Geopolitics & Sovereign Positioning
Top Line
China's AI ecosystem is completing a structural decoupling from the US, with DeepSeek's V4 model now optimised for Huawei Ascend chips and domestic chipmakers racing to support it — marking a functional bifurcation of the global AI stack into two largely incompatible supply chains.
Beijing killed a $2 billion AI deal involving Manus and Singapore-based capital, signalling that China is now actively constraining outbound AI capital flows as well as inbound technology access, reshaping the landscape for Global South intermediaries.
China's domestic chipmakers are investing R&D at ratios of 45-50% of revenue — more than double US peers — indicating a long-term state-backed attrition strategy designed to close capability gaps regardless of near-term profitability.
The UAE is emerging as a studied model for mid-power AI leadership, leveraging sovereign capital, strategic geography, and US-China neutrality to build independent AI infrastructure rather than aligning exclusively with either bloc.
Foreign Policy argues that US frontier AI models are structurally too expensive for most of the world, giving China's cheaper, open-weight alternatives a systemic advantage in the Global South competition for AI influence.
Key Developments
China's AI Stack Achieves Functional Decoupling from US Infrastructure
The launch of DeepSeek's V4, optimised specifically for Huawei's Ascend chips and accompanying software stack, represents the most concrete evidence yet that China's AI ecosystem is not merely diverging from US technology but building a parallel, self-sufficient architecture. As South China Morning Post reports, domestic chipmakers including Cambricon, Biren, and Moore Threads have rushed to validate V4 deployment on local hardware, creating a virtuous cycle in which frontier model developers and chip manufacturers co-evolve without reference to Nvidia or US software frameworks. This is not incidental — it is the deliberate materialisation of the Communist Party Politburo's longstanding self-reliance directive.

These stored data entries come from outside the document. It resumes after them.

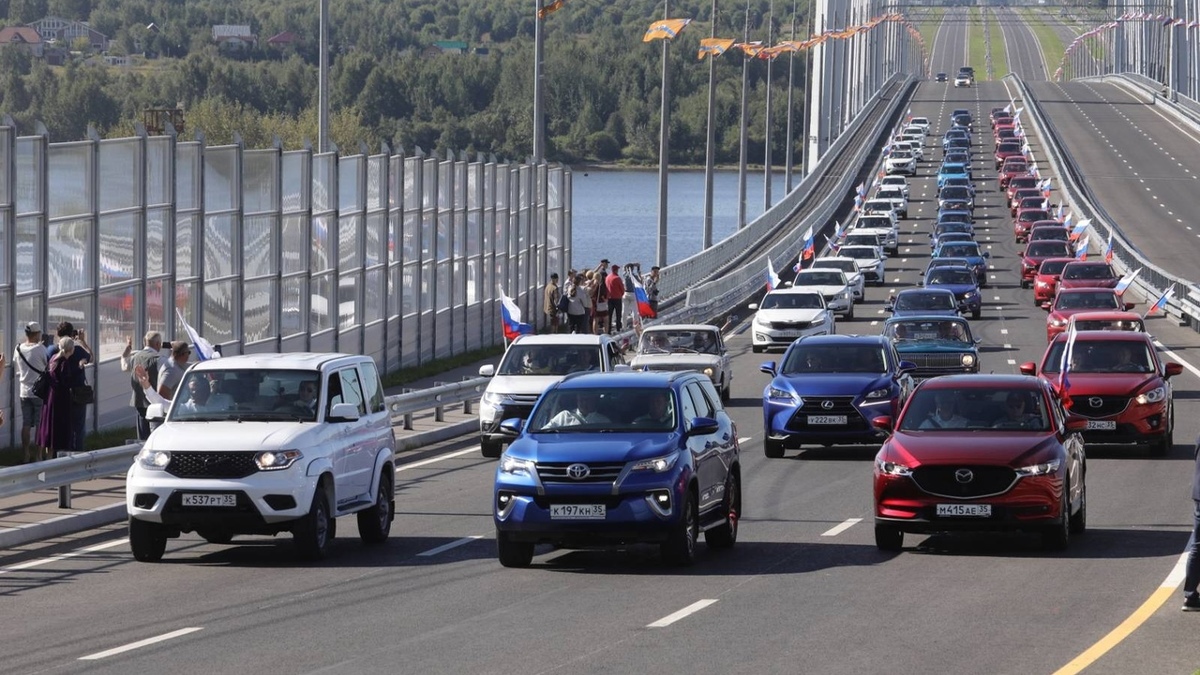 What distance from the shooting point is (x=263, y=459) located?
53.4ft

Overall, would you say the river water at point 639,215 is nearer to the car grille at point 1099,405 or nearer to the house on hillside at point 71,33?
the car grille at point 1099,405

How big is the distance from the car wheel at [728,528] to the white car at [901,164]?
94041 mm

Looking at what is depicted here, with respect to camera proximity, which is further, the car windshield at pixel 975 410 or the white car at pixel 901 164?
the white car at pixel 901 164

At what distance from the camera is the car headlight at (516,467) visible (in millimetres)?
15828

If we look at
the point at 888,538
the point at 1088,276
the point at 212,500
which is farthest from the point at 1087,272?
the point at 212,500

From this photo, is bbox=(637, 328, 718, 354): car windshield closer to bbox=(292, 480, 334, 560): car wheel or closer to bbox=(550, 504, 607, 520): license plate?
bbox=(292, 480, 334, 560): car wheel

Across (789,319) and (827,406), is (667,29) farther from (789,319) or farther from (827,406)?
(827,406)

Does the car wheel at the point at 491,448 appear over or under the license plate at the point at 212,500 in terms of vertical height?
under

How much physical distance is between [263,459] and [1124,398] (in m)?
13.4

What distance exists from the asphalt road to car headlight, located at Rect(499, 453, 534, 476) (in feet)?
2.58

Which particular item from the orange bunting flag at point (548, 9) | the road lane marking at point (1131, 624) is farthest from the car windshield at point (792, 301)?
the road lane marking at point (1131, 624)

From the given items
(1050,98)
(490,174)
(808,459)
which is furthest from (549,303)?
(1050,98)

The infrastructure underpinning this is scaling rapidly. South China Morning Post documents an arms race among Chinese cities and technology companies to deploy 10,000-card compute clusters using domestic AI accelerators — facilities that enable frontier-scale model training without access to restricted US hardware. Huawei and Alibaba are among those operating or building such clusters. The strategic implication is that US export controls, while they have imposed real costs and delays, have also catalysed a domestic supply chain that is now approaching the scale required to train leading models independently. The controls may be succeeding in denying access to the absolute frontier, but they are simultaneously accelerating the conditions for that frontier to be reached domestically.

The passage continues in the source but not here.